The actor and director Sean Penn arrived in Baghdad on Friday morning at the start of a three-day visit to Iraq.

"By the invitation of the Institute for Public Accuracy, I have the privileged opportunity to pursue a deeper understanding of this frightening conflict," Penn said in a statement released in Washington and Baghdad on Friday. "I would hope that all Americans will embrace information available to them outside conventional channels. As a father, an actor, a filmmaker, and a patriot, my visit to Iraq is for me a natural extension of my obligation (at least attempt) to find my own voice on matters of conscience."


One can only hope that Saddam has carefully instructed the Irqai paparazzi to leave this patriot alone.



Thursday, December 12, 2002
 

Warmonger Moment

What if we had notified the Yemenis that the Scuds were being delivered... in 5 minute intervals from a launcher on the ship?

Or, if we really "knew" what was on the ship, what if we had just sunk the unflagged vessel without warning on the high seas? After all, who's going to claim it went missing? And who would be surprised that a ship loaded with concrete sank? But can it really be cost efficient to ship concrete that far?

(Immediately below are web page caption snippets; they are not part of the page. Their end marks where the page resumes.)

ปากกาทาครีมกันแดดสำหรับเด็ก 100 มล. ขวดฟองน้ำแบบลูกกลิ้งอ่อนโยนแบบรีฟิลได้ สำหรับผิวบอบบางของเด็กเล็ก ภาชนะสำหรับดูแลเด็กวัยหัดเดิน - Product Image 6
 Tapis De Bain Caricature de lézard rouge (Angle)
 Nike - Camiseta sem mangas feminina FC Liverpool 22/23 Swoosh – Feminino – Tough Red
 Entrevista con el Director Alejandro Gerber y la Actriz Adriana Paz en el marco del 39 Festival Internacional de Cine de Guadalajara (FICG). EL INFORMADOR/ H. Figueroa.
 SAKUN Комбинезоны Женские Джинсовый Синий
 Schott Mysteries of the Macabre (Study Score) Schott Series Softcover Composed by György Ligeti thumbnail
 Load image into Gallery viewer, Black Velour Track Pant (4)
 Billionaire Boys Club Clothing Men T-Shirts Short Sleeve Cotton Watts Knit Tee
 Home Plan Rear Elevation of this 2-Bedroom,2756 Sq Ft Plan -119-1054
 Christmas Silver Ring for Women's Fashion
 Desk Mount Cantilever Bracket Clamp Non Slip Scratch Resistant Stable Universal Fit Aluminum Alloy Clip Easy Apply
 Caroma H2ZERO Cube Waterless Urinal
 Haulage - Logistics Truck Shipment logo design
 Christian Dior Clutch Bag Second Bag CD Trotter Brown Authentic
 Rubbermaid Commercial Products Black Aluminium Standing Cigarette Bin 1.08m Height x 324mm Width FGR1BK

Wednesday, December 11, 2002
 

Lest We Forget

It is Day 431 of the Afghanistan quagmire. And our troops are well into their second brutal Afghan winter. Lord, will it ever end?



 

Breakin' the Law?

Why does Beavis singing "Breakin' the law" come to mind every time I read about the troubles in the Catholic Church these days, especially as they relate to Cardinal Law? Somehow, it seems appropriate that this song was recorded originally by Judas Priest.





Tuesday, December 10, 2002
 

Don't Throw Me In That Briar Patch

Here's to the Democrats thinking that they don't need to do anything different, because Mary Landrieu won.



 

You're Mean One, Rev. Rayfield

Since the good vicar has taken to telling kids that Santa Claus is dead because it is "scientifically impossible" for him to accomplish his assigned tasks, I wonder what his sermons to the flock must be like as he addresses the virgin birth, the miracles Jesus performed, or even the resurrection in a "scientific" manner?



Sunday, December 08, 2002
 

Can Miss TV!

Don't forget, next Saturday Night, it's Al Gore!